Opération reconquête. Si Emmanuel Macron a choisi de donner une interview dans le journal de 13 h de TF1, le 12 avril, à Berd’huis, commune de l’Orne d’un millier d’habitants, c’est bien pour s’adresser à la France des classes populaires, celle qui regarde le JT de Jean-Pierre Pernaut et vit en zone rurale ou périphérique, loin des métropoles. Car les sondages sont alarmistes pour le président : sa cote de popularité décroche dans les catégories populaires, selon un sondage Elabe, et jamais l’écart entre cette population et celle des cadres n’a été aussi important (27 % contre 65 %).
Surtout, une grande majorité de Français considère que le chef de l’Etat ne réduit pas la fracture entre la France qui va bien et celle qui galère : pour 74 % d’entre eux, les réformes sont « injustes », d’après une autre enquête Elabe, un sentiment qui a gagné six points en trois semaines.
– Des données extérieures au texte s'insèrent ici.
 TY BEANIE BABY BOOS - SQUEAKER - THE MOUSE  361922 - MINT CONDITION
Et beaucoup de politiques attaquent le président sur ce sujet, notamment François Hollande, son prédécesseur, qui l’a accusé, dans son livre « Les leçons du pouvoir », de « creuser les inégalités ».
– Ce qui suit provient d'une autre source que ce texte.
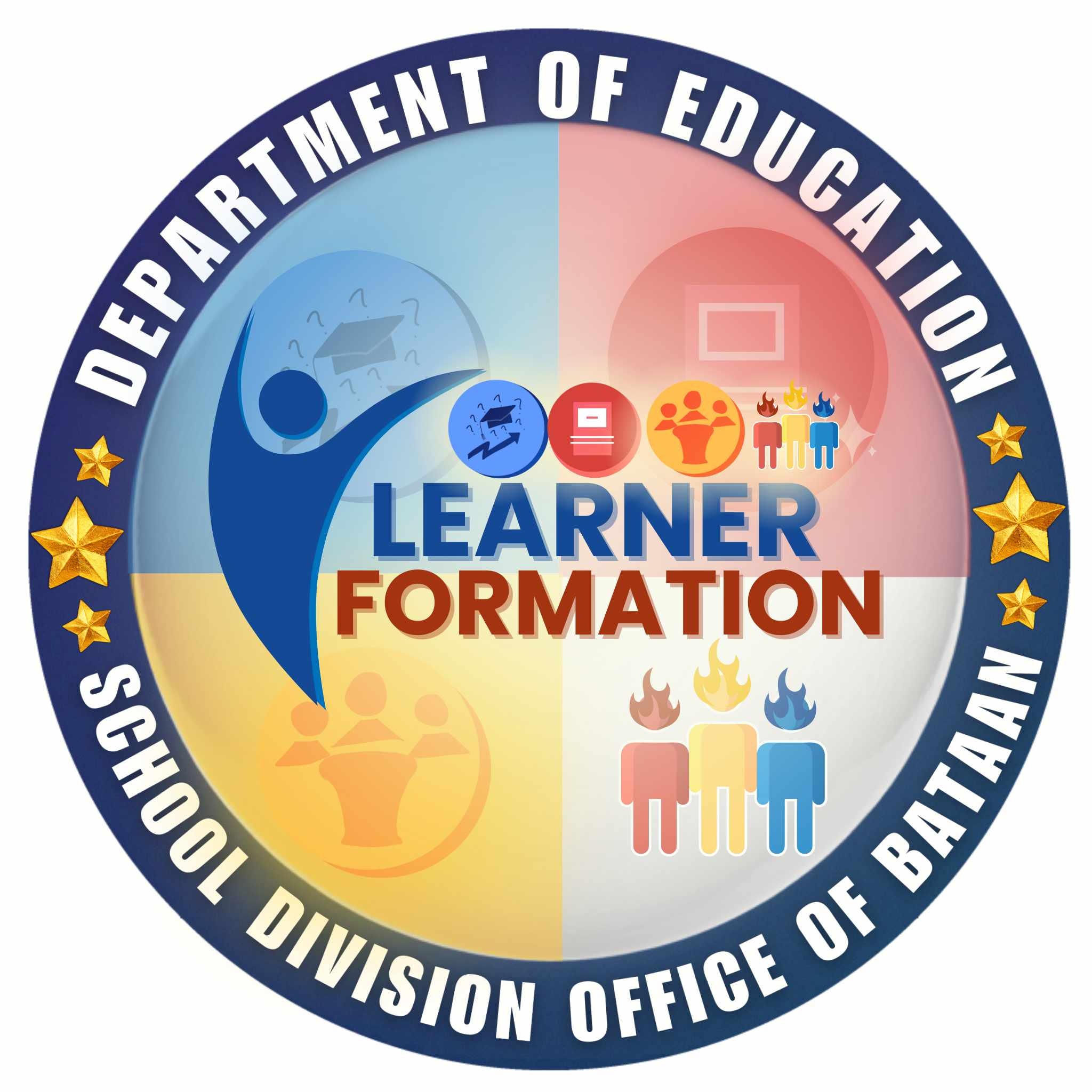 Introducing the new logo of the Division Learner Formation Section ...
Après la flexibilité, la sécurité
Alors, la politique d’Emmanuel Macron, qui lance « en même temps » des mesures libérales et sociales (« libérer » et « protéger » dans l’argumentaire macroniste) est-elle déséquilibrée ? S’inspirant des expériences des pays scandinaves, Danemark et Suède, qui ont associé souplesse libérale et protection pour les plus faibles, le chef de l’Etat a-t-il réussi à installer une « flexisécurité à la française » ? Pour l’instant, c’est clairement non. Comme le résume Daniel Cohn-Bendit, ami et supporter du président : « Macron a commencé à flexibiliser, maintenant il faut sécuriser ».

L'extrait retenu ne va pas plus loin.